Advogada dos índios é uma wapichana nascida e criada na reserva

BRASÍLIA. O julgamento sobre a demarcação da reserva Raposa Serra do Sol teve um significado especial para a comunidade indígena. Parte da defesa dos índios coube à advogada Joênia Batista de Carvalho, de 34 anos, índia wapichana nascida e criada na reserva. Foi a primeira vez que uma índia subiu à tribuna do STF para defender uma causa. De blazer preto, mas com o rosto pintado de vermelho, Joênia fez uma defesa apaixonada da homologação da reserva em terras contínuas.

- Não tive medo de subir à tribuna. Estou com meus pajés, estou protegida. Meus parentes me dão força onde quer que estejam - disse a advogada, num dos intervalos da sessão.

Antes da sessão, ela comentou que estava nervosa, e preocupada até com o tamanho da capa preta que todo advogado tem que usar na tribuna do STF. Experimentou várias. Mas depois, com o início da sessão, não vacilou ao relacionar argumentos em favor da demarcação em terras contínuas. Para marcar diferença em relação aos outros advogados e ressaltar suas origens, Joênia abriu o discurso com uma frase na língua wapichana:

- Que nossos valores espirituais, nossas terras, matas e águas sejam considerados como necessários para nossa vida. Nossa vida é nossa terra.

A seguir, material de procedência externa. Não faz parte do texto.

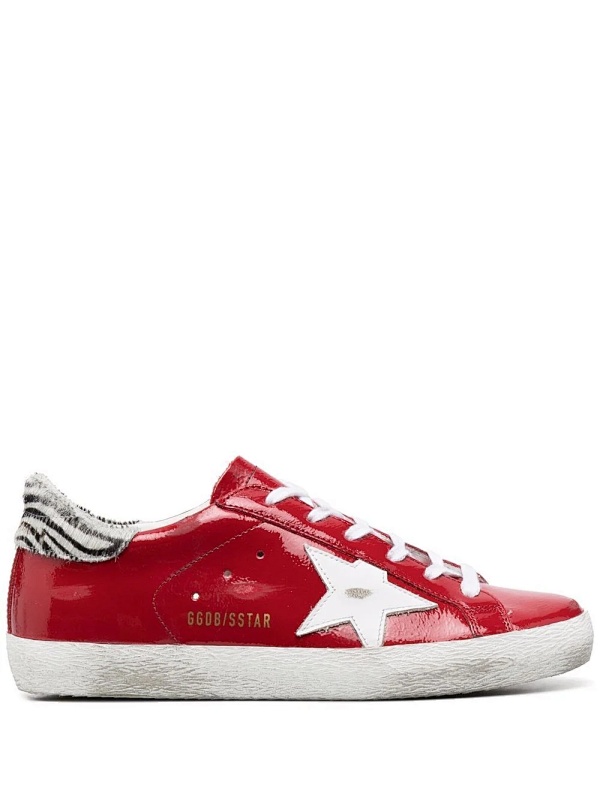 GOLDEN GOOSE SHOES (1794)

Casada, mãe de dois filhos, Joênia foi a primeira índia do país a se formar em Direito. Nascida numa aldeia wapichana em Roraima, disse que decidiu fazer faculdade para enfrentar preconceitos. Estudou na Universidade Federal de Roraima e passou em quinto lugar no vestibular. Foi alvo de deboche. O chefe de uma distribuidora de bebida, da qual era secretária, até sugeriu que ela desistisse da carreira. Hoje ela é advogada do Conselho Indigenista de Roraima.

Na tribuna, Joênia disse que o preconceito está na raiz das ações de fazendeiros e políticos de Roraima, que querem a demarcação da reserva em ilhas.

- Somos acusados de ladrões e de invasores dentro da nossa própria terra. Somos discriminados e caluniados - afirmou ela.